The results of degrowth:
- Sharing, simplicity, sociability, care and equality are significations of what this society might look like.
- Degrowth in the North will liberate ecological space for growth in the South. This because degrowth in the North will make natural resources and industrial goods more accessible to the developing South. As Kate Raworth is saying with the concept of the doughnut economy, ’By regenerative and distributive design we can make sure that healthcare, education, political voice, finance, energy reaches and empower the people who need it the most.’
In order to achieve degrowth we need to come up with new laws, higher/ different taxes.
- More taxes for companies that produce in an unsustainable way (not recycled materials, products that do not last long etc.) and subsidies for companies who do (recycled materials, products that do last long etc.).
- Maximum income for individuals but also company’s. High incomes are essentially wasted so far as wellbeing is concerned. A maximum income will avoid wasteful consumption and create more egalitarian societies. The tax procured from the maximum income could be used to fund universal basic services and basic income.
- Laws for longer guarantees period, the right to repair, for take-back systems, and protect the public space from advertisements telling us to buy more and more - both offline and online.
Our economic system needs to change to a sharing economy, introducing:
- Universal basic income would liberate people: perhaps a minimum of €1,000 a month, given unconditionally as a cash grant, or through the tax system as a negative income tax. This gives people the opportunity to choose a useful job they like in stead of choosing a job for security and high income. A basic income ensures that wealth can be distributed across a societyArguments for and against universal basic income
- Universal basic services that guaranteed public coverage of housing, education, health care, transportation, communication devices, etc. As example in England you have the NHS (National Health Service) that provides all people in England primarily and secondary health care. Country’s as Scandinavia and Germany provide free education. This is financed by the national taxes. Why do we not use this concept in different parts of our society that have an effect on poverty and life changes for people across our society?

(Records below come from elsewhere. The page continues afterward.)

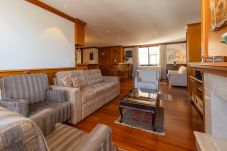 Apartment in Gramado - 3 Suítes no Centro de Gramado (500m da R Coberta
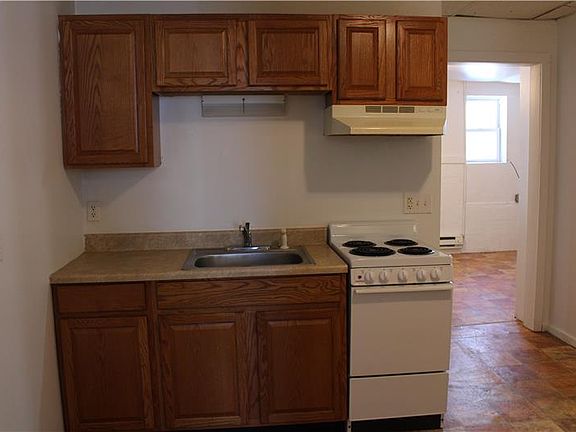 3rd image of 183 Woodmont Ave APT 5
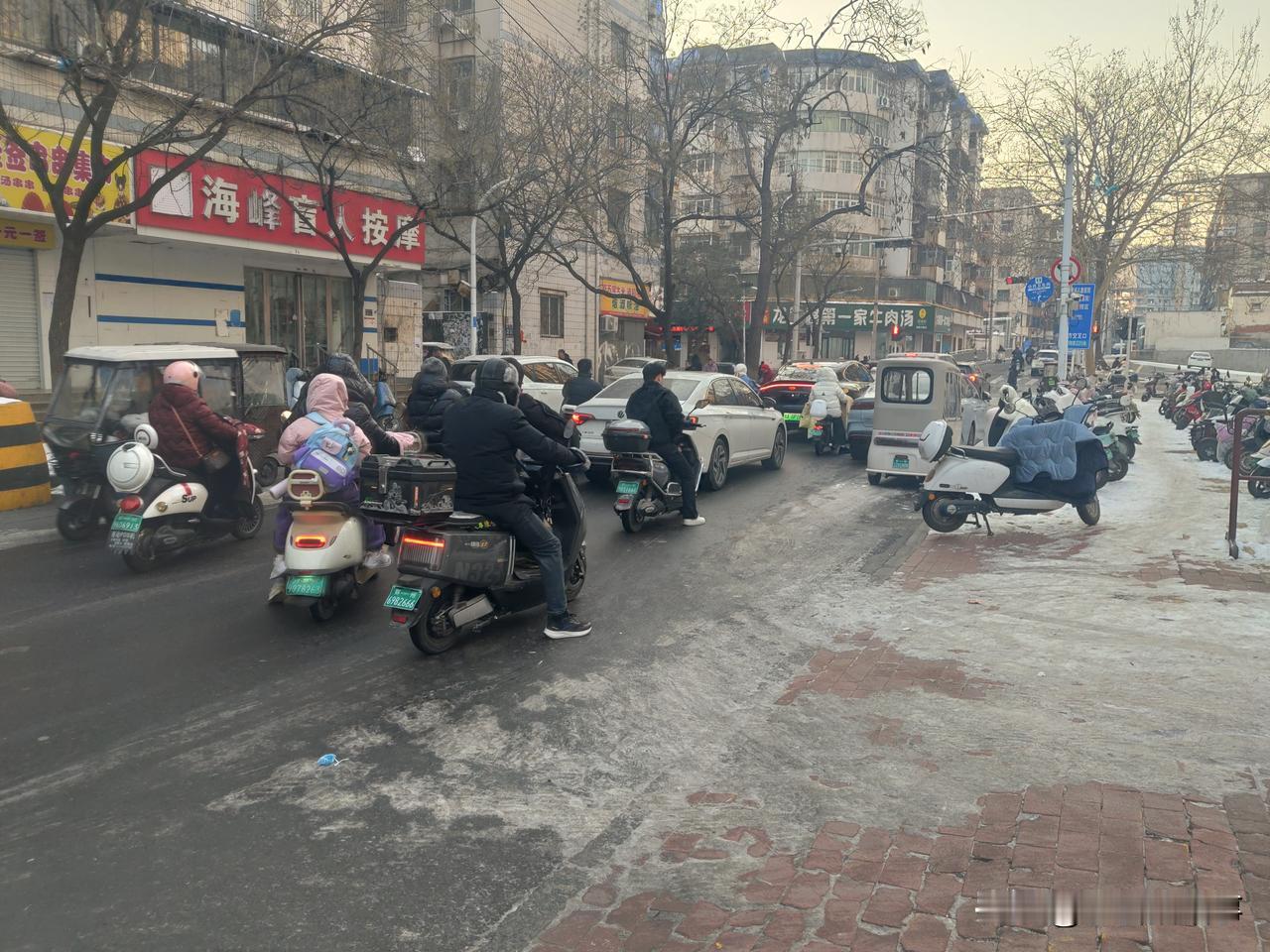 大雪过后第三天，路难走在早高峰期间出现，昨天融化后夜间复冻的冰疙瘩、冰雪胶着物成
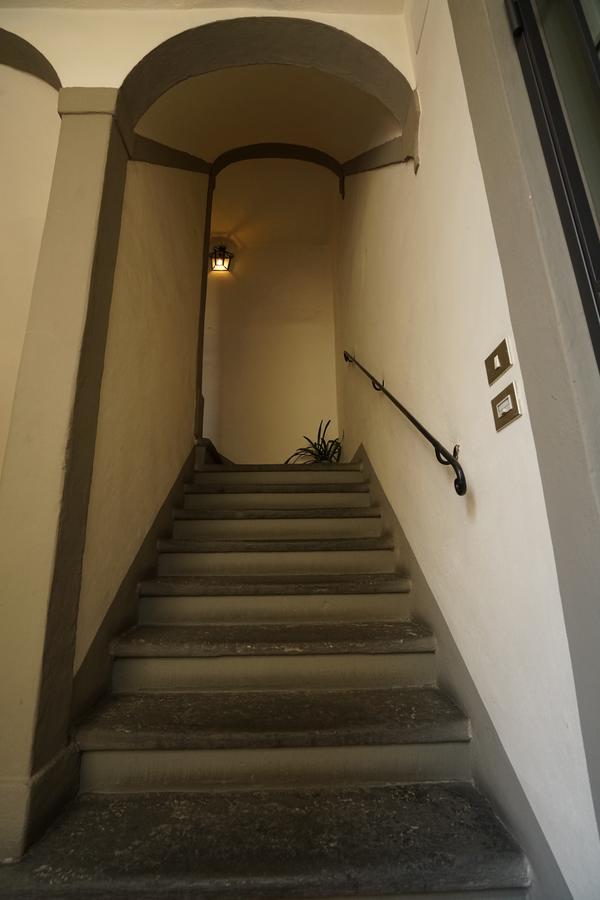La Terrazza Di Via Elisa Panzió Lucca Kültér fotó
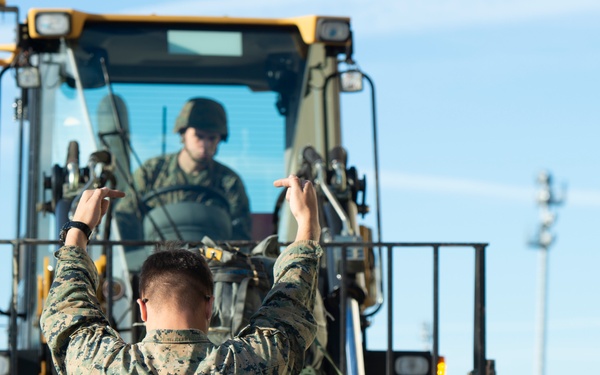 USMC makes it rain during Kodiak Mace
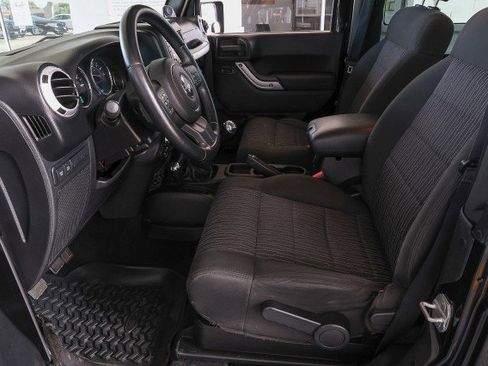 Used 2012 Jeep Wrangler Rubicon w/ PWR Convenience Group AWD/4WD image 11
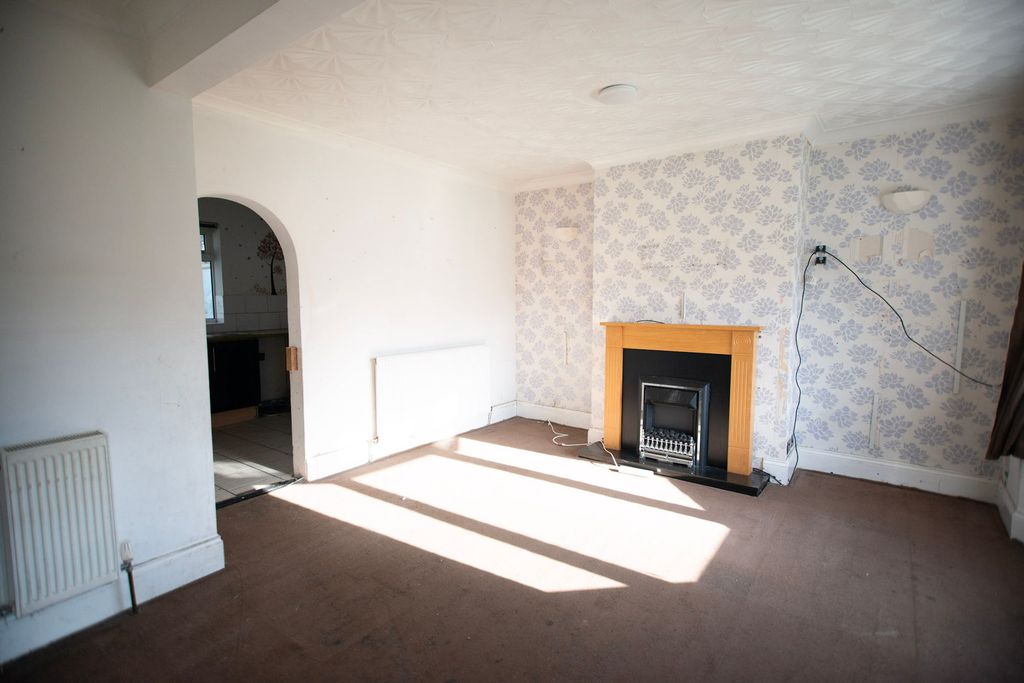 Property photo 2 of 10 Living Room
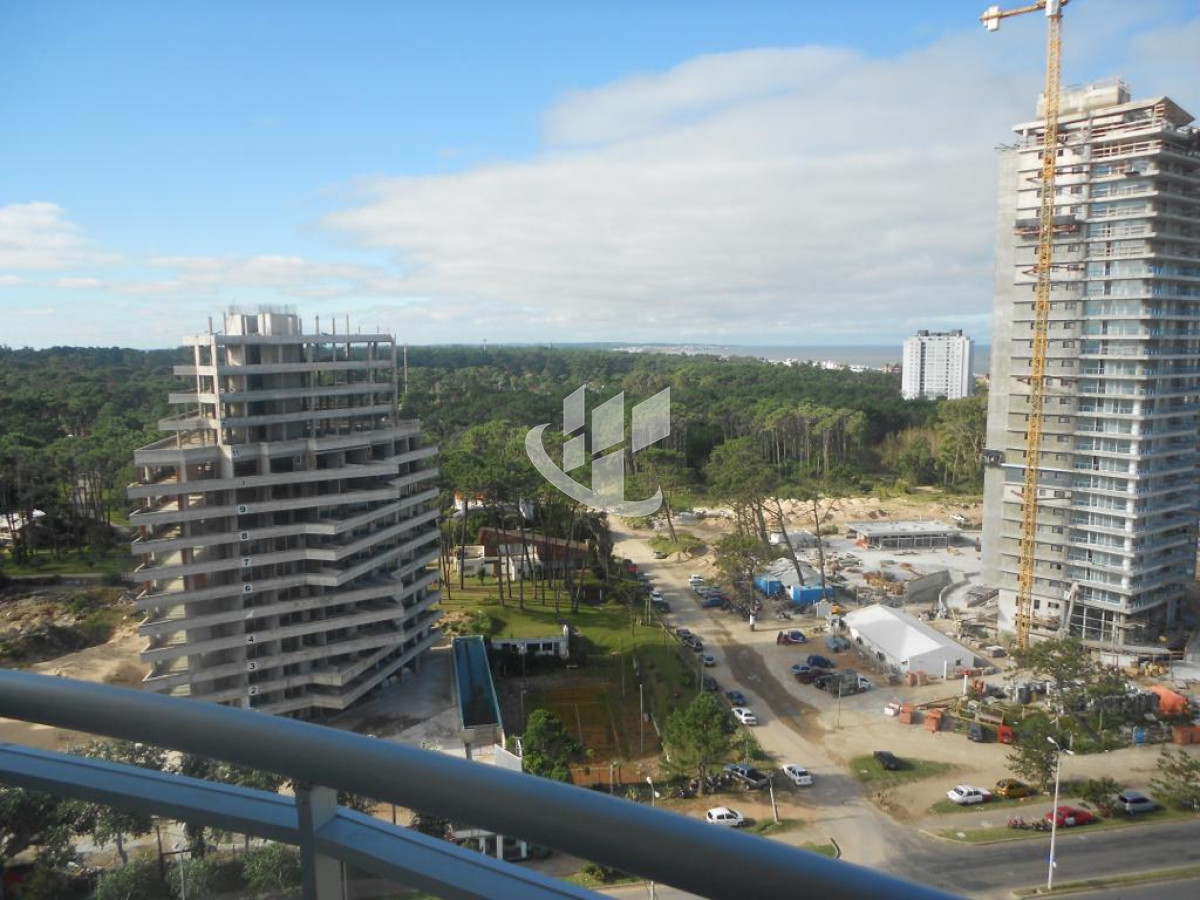 Apartamento ID.1360 - PUNTA DEL ESTE ROOSEVELT- BRAVA APTO DE 3 DORMITORIOS VENTA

- Reduction of working hours. In a shrinking capitalist economy, fewer people are necessary to produce declining levels of production which leads to reductions in working-hours. The result will be unemployment. With intentional degrowth, work has to be shared by voluntary trading of income for time, through four-day workweeks, permanent part-time (with benefits and career ladders) and job sharing. Another option is to reduce the length of working lives by earlier or phased retirement.

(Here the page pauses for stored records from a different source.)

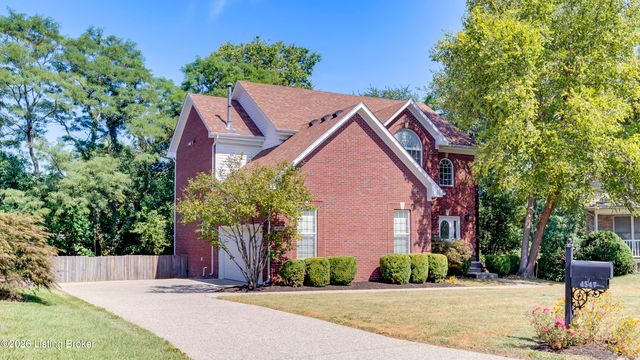 4547 Cherry Forest Cir, Louisville, KY 40245
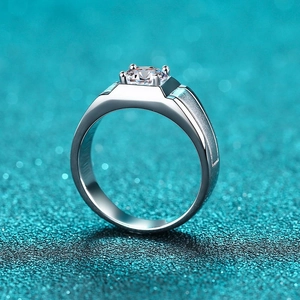 S925 sterling silver men's ring with 1-carat moissanite in a brushed pyramid design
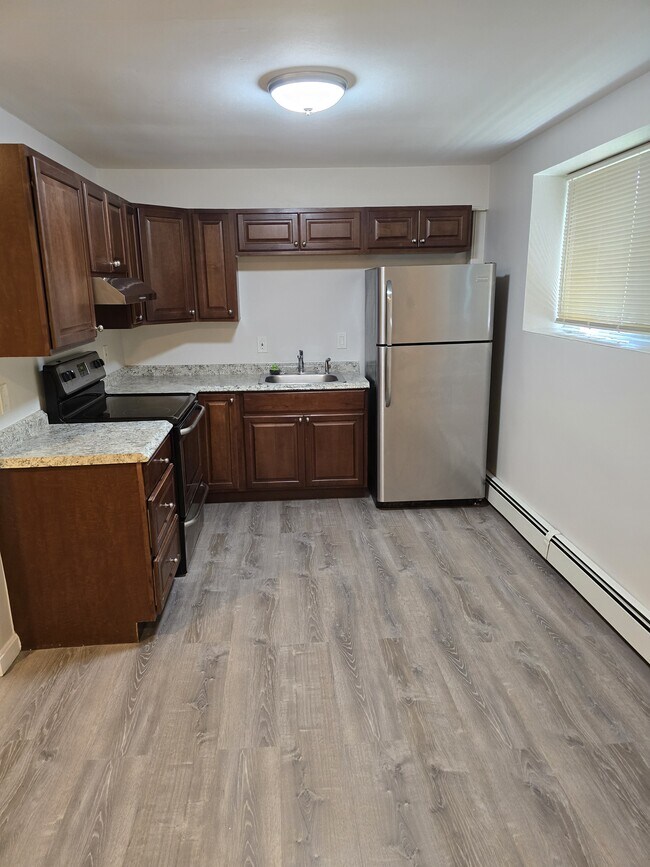 Building Photo - 135 Neponset Ave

In august there will be the 8th international degrowth conference for Ecological Sustainability and Social Equity. The conference will encourage the participation of artists, practitioners and policymakers, taking place over five days at and around the International Institute of Social Studies (ISS) in The Hague. This conference focuses on ‘community’. The idea here is to explore, develop and share information on how communities respond to economic and ecological changes and how they organize for well-being in efforts to move out of situations of inequality and exclusion.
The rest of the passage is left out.